-- What is required --
Look for "image" in the listing below. Gather each line that contains it.

-- Extracted records --

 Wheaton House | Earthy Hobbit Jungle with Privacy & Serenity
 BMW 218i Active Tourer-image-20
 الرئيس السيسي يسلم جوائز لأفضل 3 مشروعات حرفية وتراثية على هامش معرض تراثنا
--
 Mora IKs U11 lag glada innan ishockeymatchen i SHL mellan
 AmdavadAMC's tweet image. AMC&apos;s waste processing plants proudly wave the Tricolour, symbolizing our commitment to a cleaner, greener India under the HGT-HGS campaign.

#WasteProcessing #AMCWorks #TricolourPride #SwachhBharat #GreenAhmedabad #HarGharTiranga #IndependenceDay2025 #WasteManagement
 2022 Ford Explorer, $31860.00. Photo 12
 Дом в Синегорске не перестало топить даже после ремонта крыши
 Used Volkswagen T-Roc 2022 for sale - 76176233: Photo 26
* * *
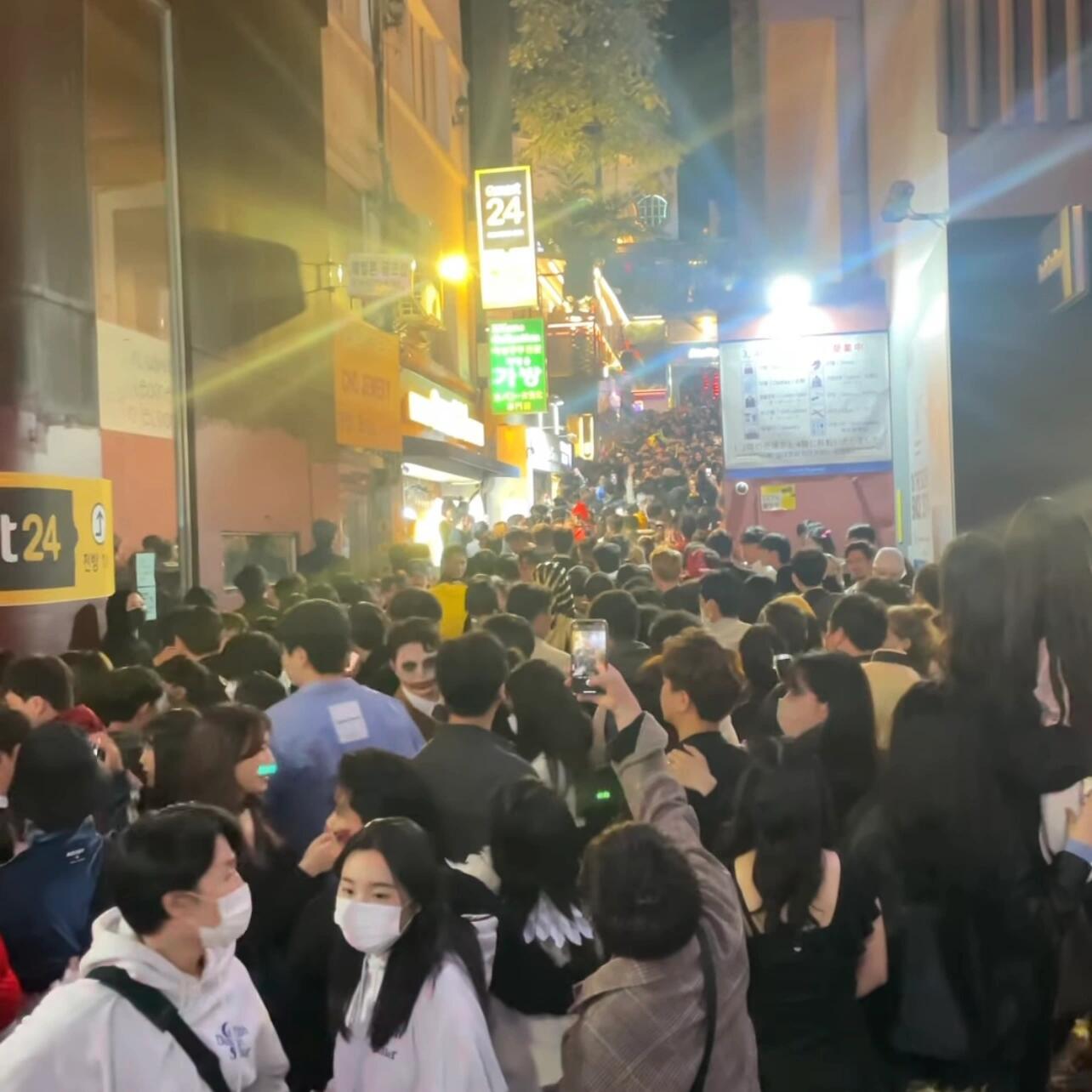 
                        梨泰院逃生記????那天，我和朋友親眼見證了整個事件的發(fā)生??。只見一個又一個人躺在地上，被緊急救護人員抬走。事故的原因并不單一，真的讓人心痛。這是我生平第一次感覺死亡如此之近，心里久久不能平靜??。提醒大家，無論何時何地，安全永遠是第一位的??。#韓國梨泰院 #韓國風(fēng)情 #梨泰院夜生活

-- Expected answer --
 BMW 218i Active Tourer-image-20
 AmdavadAMC's tweet image. AMC&apos;s waste processing plants proudly wave the Tricolour, symbolizing our commitment to a cleaner, greener India under the HGT-HGS campaign.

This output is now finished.